What is required: Within the listing below, please copy exactly the lines between the line holding "WVU's Frankie Tack, Sara" and the line holding "Shooting Gazette Preview Pages", inclusive.

Record excerpts:
━━━━━━━━
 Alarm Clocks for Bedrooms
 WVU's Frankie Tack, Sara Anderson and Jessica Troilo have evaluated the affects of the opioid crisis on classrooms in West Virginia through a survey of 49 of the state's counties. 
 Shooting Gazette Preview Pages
━━━━━━━━
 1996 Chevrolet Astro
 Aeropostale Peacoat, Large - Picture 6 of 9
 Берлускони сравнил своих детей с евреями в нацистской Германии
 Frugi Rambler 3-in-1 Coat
━━━━━━━━
Answer area:
 WVU's Frankie Tack, Sara Anderson and Jessica Troilo have evaluated the affects of the opioid crisis on classrooms in West Virginia through a survey of 49 of the state's counties. 
 Shooting Gazette Preview Pages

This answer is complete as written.